BUZZ RICKSON’S WILLIAM GIBSON COLLECTION ~ LINE CREWMAN G-1 JACKETS & VEST (MOD.) REVERSIBLE / BLACK
地上の翼たちが遺した美学
滑走路に陽炎が揺れていた。エンジンの熱とオイルの匂い、空気を裂くジェットの轟音。その喧噪の中で、誰よりも冷静に、機体を正確に導く者たちがいた。戦闘機を操るパイロットの影で、無数の整備員や誘導員たち、通称ライン・クルーマンたちが、地上の“翼”として汗を流していた。
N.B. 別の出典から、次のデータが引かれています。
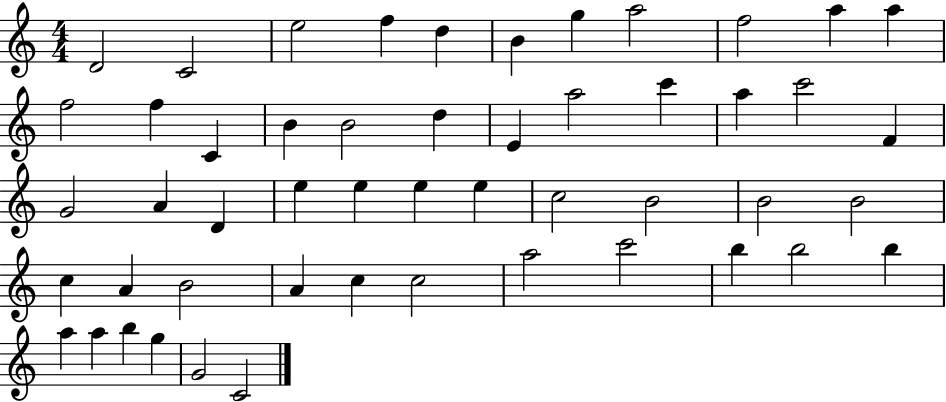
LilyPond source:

{
  \clef treble
  \numericTimeSignature
  \time 4/4
  \key c \major
  d'2 c'2 | e''2 f''4 d''4 | b'4 g''4 a''2 | f''2 a''4 a''4 | \break f''2 f''4 c'4 | b'4 b'2 d''4 | e'4 a''2 c'''4 | a''4 c'''2 f'4 | \break g'2 a'4 d'4 | e''4 e''4 e''4 e''4 | c''2 b'2 | b'2 b'2 | \break c''4 a'4 b'2 | a'4 c''4 c''2 | a''2 c'''2 | b''4 b''2 b''4 | \break a''4 a''4 b''4 g''4 | g'2 c'2 | \bar "|."
}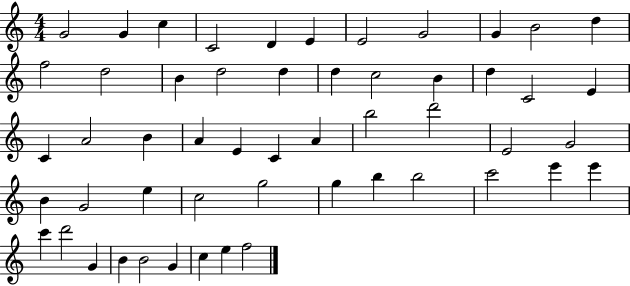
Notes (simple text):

G4/h G4/q C5/q C4/h D4/q E4/q E4/h G4/h G4/q B4/h D5/q F5/h D5/h B4/q D5/h D5/q D5/q C5/h B4/q D5/q C4/h E4/q C4/q A4/h B4/q A4/q E4/q C4/q A4/q B5/h D6/h E4/h G4/h B4/q G4/h E5/q C5/h G5/h G5/q B5/q B5/h C6/h E6/q E6/q C6/q D6/h G4/q B4/q B4/h G4/q C5/q E5/q F5/h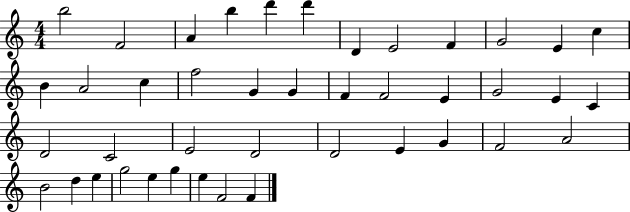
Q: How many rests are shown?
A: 0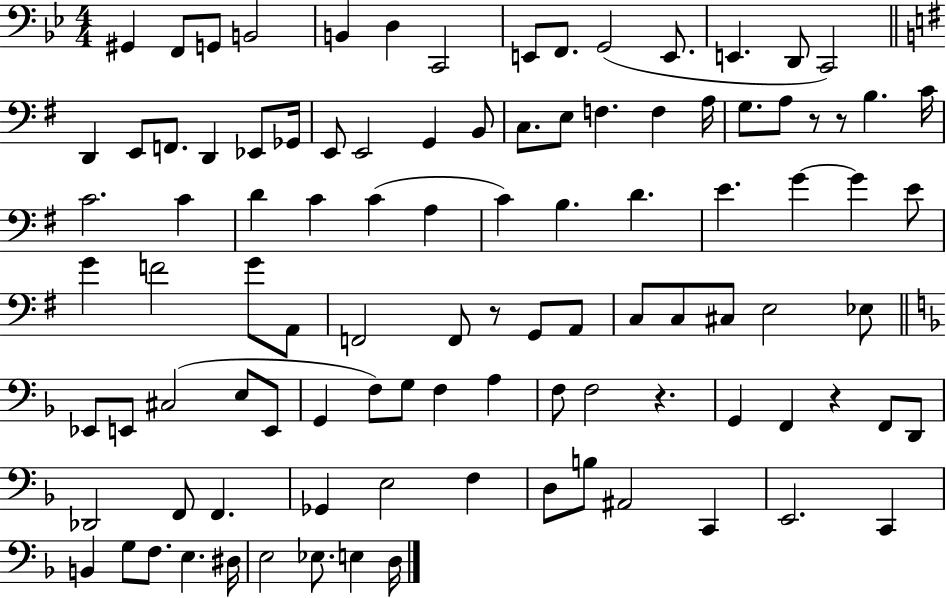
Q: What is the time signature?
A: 4/4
彼らの身を包んでいたのは、オレンジとブラックのダイヤ柄。1950年代、アメリカ空軍が採用した視認性の高いそのジャケットは、遠くからでも瞬時に仲間を識別できるように設計されていた。だがその模様には、もっと深い意味があったのかもしれない。それは、危険と隣り合わせの現場で生きる者たちの“覚悟”を示す旗印のようにも見える。
Buzz Rickson’s が手がけるWILLIAM GIBSON COLLECTION からリリースされたモノトーン・バージョンは、その時代の記憶を静かに現代へ呼び戻す。
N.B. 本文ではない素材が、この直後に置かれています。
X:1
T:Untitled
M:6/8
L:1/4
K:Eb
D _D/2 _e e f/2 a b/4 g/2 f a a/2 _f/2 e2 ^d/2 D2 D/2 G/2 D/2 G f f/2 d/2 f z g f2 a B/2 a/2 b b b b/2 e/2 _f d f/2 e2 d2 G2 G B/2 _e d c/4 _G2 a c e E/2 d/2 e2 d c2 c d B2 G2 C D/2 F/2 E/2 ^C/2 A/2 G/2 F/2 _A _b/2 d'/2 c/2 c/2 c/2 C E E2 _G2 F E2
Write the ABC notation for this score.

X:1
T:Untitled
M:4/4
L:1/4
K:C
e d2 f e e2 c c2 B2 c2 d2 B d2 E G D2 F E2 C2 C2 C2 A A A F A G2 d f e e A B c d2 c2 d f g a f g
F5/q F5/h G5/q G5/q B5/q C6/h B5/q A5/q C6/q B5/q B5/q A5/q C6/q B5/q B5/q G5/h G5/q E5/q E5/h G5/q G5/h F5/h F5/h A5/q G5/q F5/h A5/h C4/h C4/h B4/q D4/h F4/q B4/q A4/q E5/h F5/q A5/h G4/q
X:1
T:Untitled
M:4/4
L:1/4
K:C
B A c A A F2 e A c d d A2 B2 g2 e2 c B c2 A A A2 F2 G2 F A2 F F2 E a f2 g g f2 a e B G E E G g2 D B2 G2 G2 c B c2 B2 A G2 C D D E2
オリジナルはオレンジとブラックのダイヤ柄、滑走路で瞬時に視認できるよう設計された、現場のシンボルカラーだった。それをあえて黒一色で再構築したこのモデルは、喧噪の中に潜む静けさのような、もうひとつの“現実”を映している。
戦闘機を駐機場で停止位置まで誘導するラインクルーマン。このシリーズは米空軍が1950年代初頭に採用したラインクルーマンのモノトーンバージョンである。黒を基調としたライン・クルーマンジャケットとリバーシブルベスト。ジャケットは袖にシガーポケットしかないが、ベストはリバーシブルで着用が可能なバズリクソンズのオリジナルスタイルだ。ダイア柄サイドはハンドウォーマーのポケットが付き、ブラック面にもパッチポケットを設置して機能性も確保している優れもの。どちらもジッパーは当時と同じくCoats & Clark 製の No.10 リバーシブル。大きなスライダーは、グローブを外さずに掴めるための設計。細部に宿るのは、実戦という日常を生き抜いた男たちのリアリズムだ。
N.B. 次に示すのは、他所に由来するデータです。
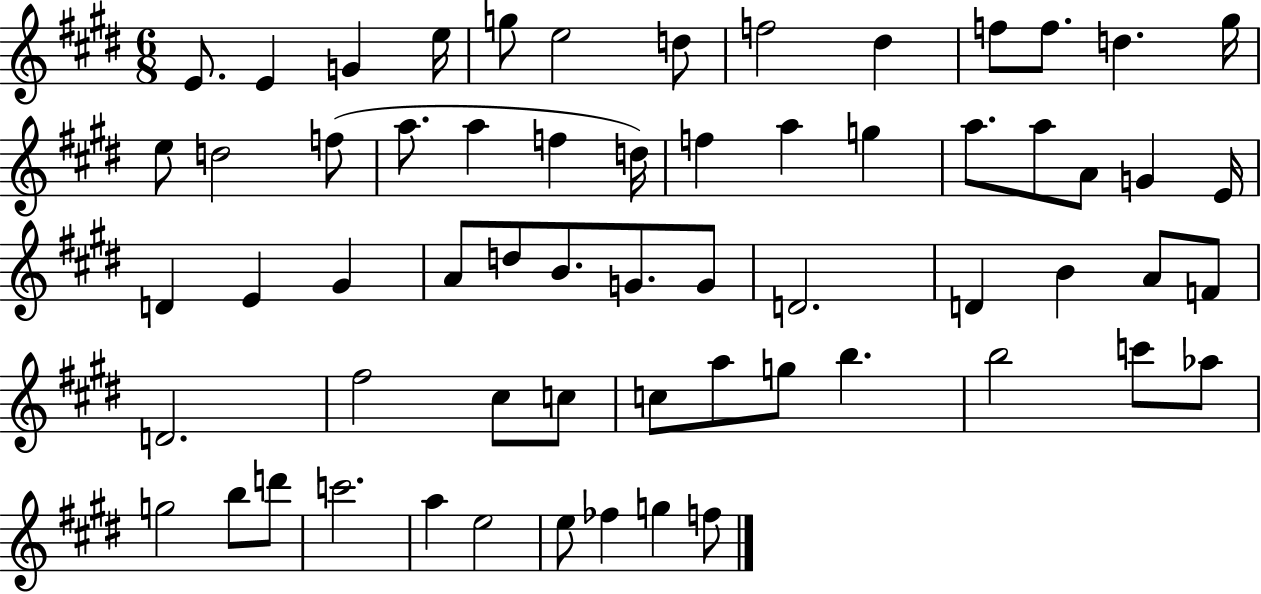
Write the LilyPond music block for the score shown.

{
  \clef treble
  \numericTimeSignature
  \time 6/8
  \key e \major
  \repeat volta 2 { e'8. e'4 g'4 e''16 | g''8 e''2 d''8 | f''2 dis''4 | f''8 f''8. d''4. gis''16 | \break e''8 d''2 f''8( | a''8. a''4 f''4 d''16) | f''4 a''4 g''4 | a''8. a''8 a'8 g'4 e'16 | \break d'4 e'4 gis'4 | a'8 d''8 b'8. g'8. g'8 | d'2. | d'4 b'4 a'8 f'8 | \break d'2. | fis''2 cis''8 c''8 | c''8 a''8 g''8 b''4. | b''2 c'''8 aes''8 | \break g''2 b''8 d'''8 | c'''2. | a''4 e''2 | e''8 fes''4 g''4 f''8 | \break } \bar "|."
}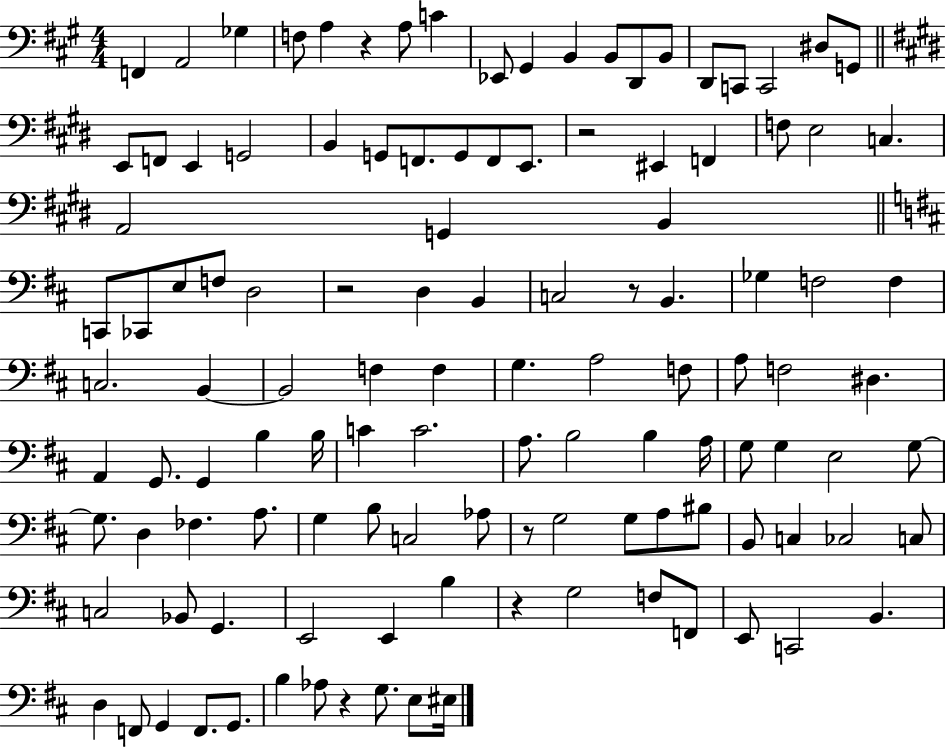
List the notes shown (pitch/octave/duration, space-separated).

今の僕は、ジャケットの上にベストを裏返して重ねるのが好きだ。ポケットのないジャケットに、ベストの黒面を重ねると、無骨さの中にさりげないコントラストが生まれる。ちらりと覗く裏地のダイヤ柄が、控えめなアクセントとなり、柄同士でもアンサンブルとして楽しめる。
そしてもうひとつの物語。ウィリアム・ギブソン。彼の小説『パターン・レコグニション』に登場する「Buzz Rickson’s Black MA-1」は、文字どおり、フィクションから現実へと飛び出したジャケットだ。軍規格に基づいた素材をすべてブラックで再構築したその一着は、素材ごとの染まり方の違いが微妙な陰影を生み出し、まるで時代そのものの深さを写しているようだ。
セージグリーンの空を飛んだ時代から、ブラックの夜を歩く現代へ。完璧でない色合いの重なりこそ、人の生き方のようで美しい。Buzz Rickson’s の服には、そんな「不均一のリアル」が息づいている。
A-2が英雄たちの象徴だとしたら、LINE CREWMANは名もなき現場の魂を映すユニフォームだ。その美学を纏うことは、過去を懐かしむことではなく、自分の“働く姿勢”を選び直すことなのかもしれない。
今日もまた、袖を通すたびに思う。
服は記憶を運ぶ。
そして、本物の服だけが、沈黙のままに語り続ける。
そんな力を、この一着は持っている。